▶ **Provided data**

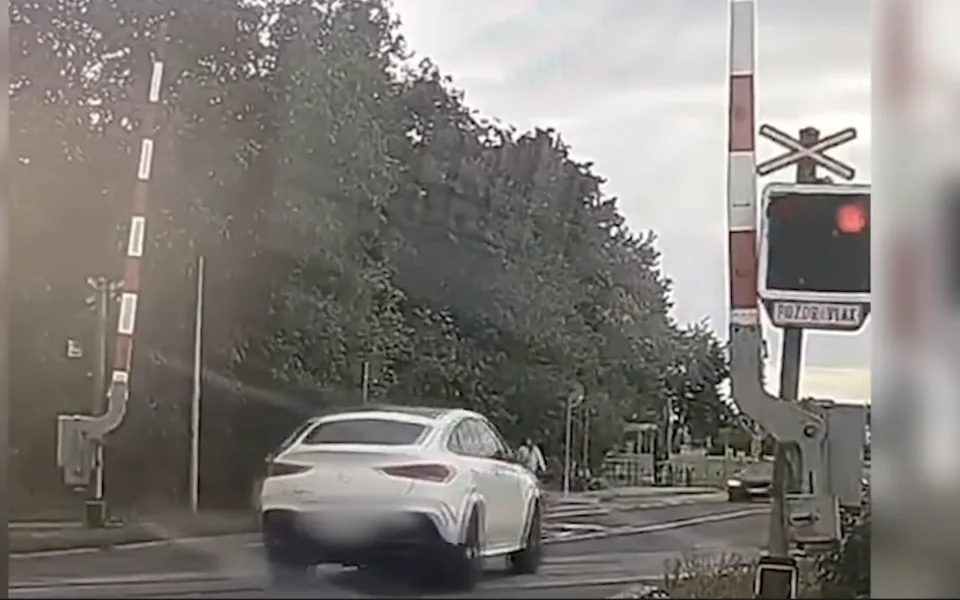 Řidička vjela na přejezd i přes výstrahu přímo před policií. Přišla o peníze i body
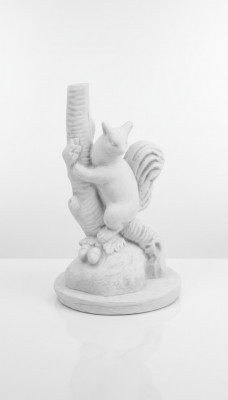 Tuindecoratie fretten terras steen beelden figuur standbeeld sculptuur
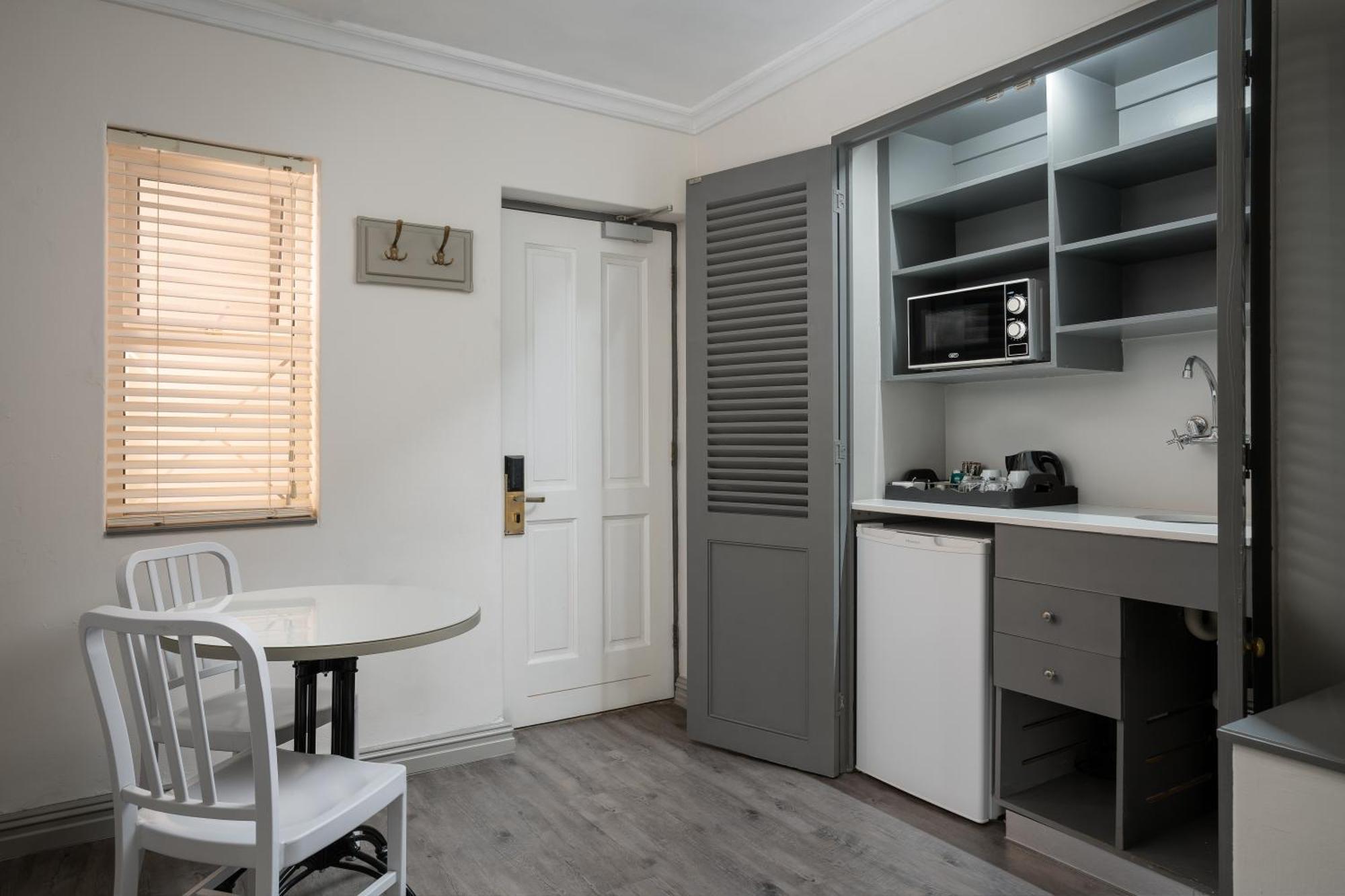 Protea Hotel By Marriott Cape Town Mowbray Екстериор снимка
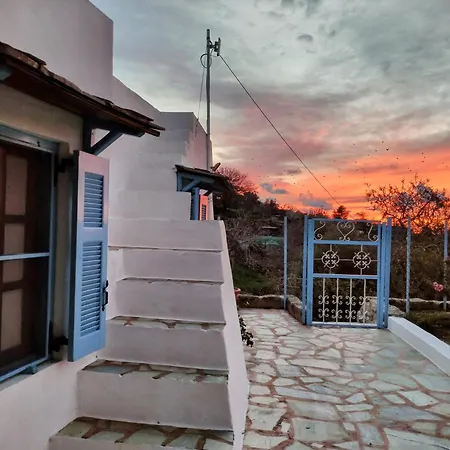«astrofeggia» A Private Stone House Nature-seaview Tatil Evi Mandrákion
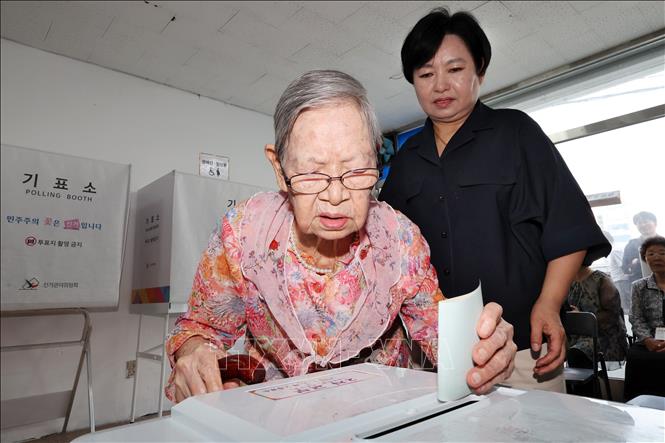 Cử tri bỏ phiếu trong cuộc bầu cử địa phương tại điểm bầu cử ở thành phố Gwangju, Hàn Quốc ngày 3/6/2026. Ảnh: Yonhap/TTXVN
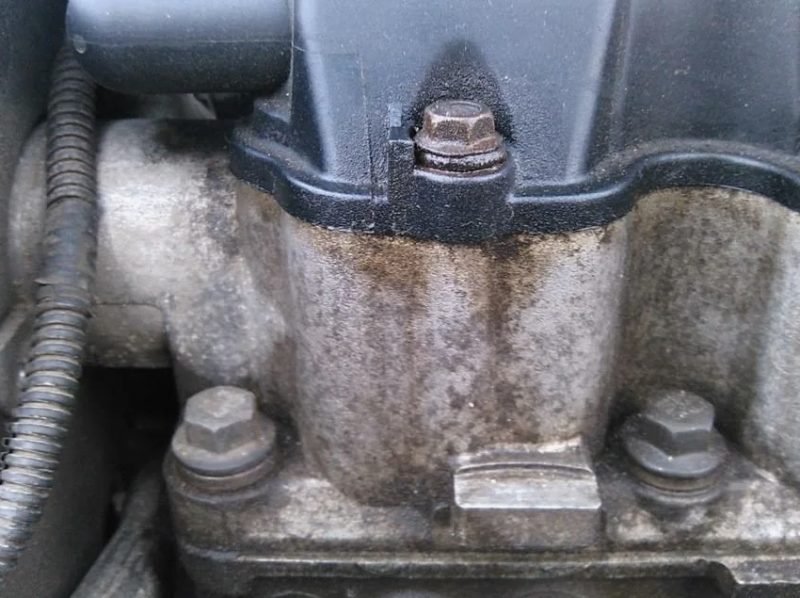 Почему течет масло под клапанную крышку двигателя 
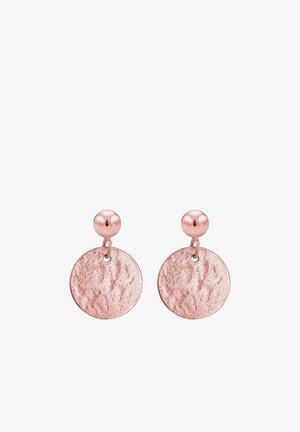 Boucles d’oreilles ton or rose avec des clous ronds lisses et des pendentifs plats circulaires texturés suspendus sous chaque clou.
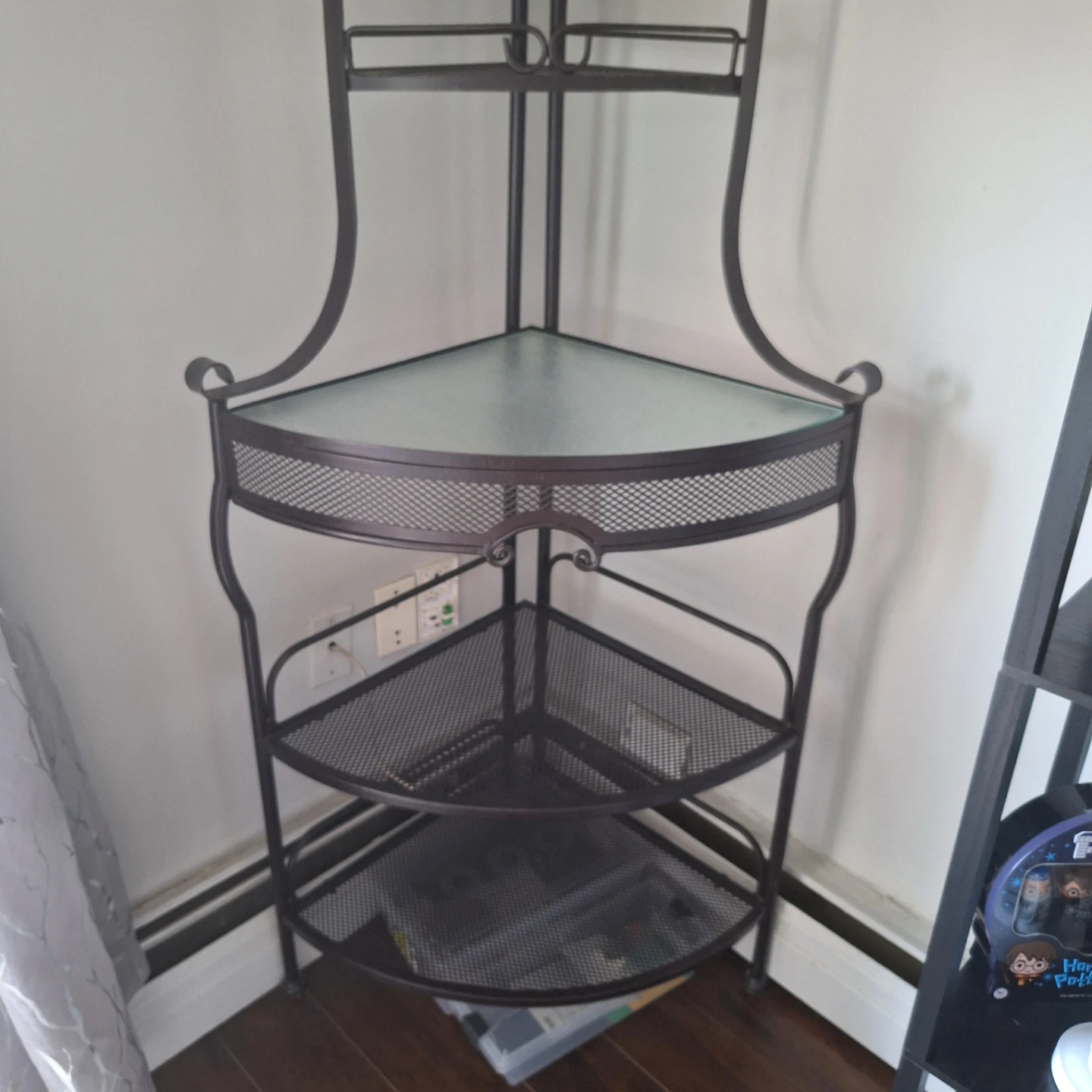 Corner Shelf Unit - photo 3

▶ **Problem details**
At the line containing "Почему течет масло", start reproducing exactly, and stop after the last line of the listing; include both ends, and leave the pictures out.

▶ **Answer section**
 Почему течет масло под клапанную крышку двигателя 
 Boucles d’oreilles ton or rose avec des clous ronds lisses et des pendentifs plats circulaires texturés suspendus sous chaque clou.
 Corner Shelf Unit - photo 3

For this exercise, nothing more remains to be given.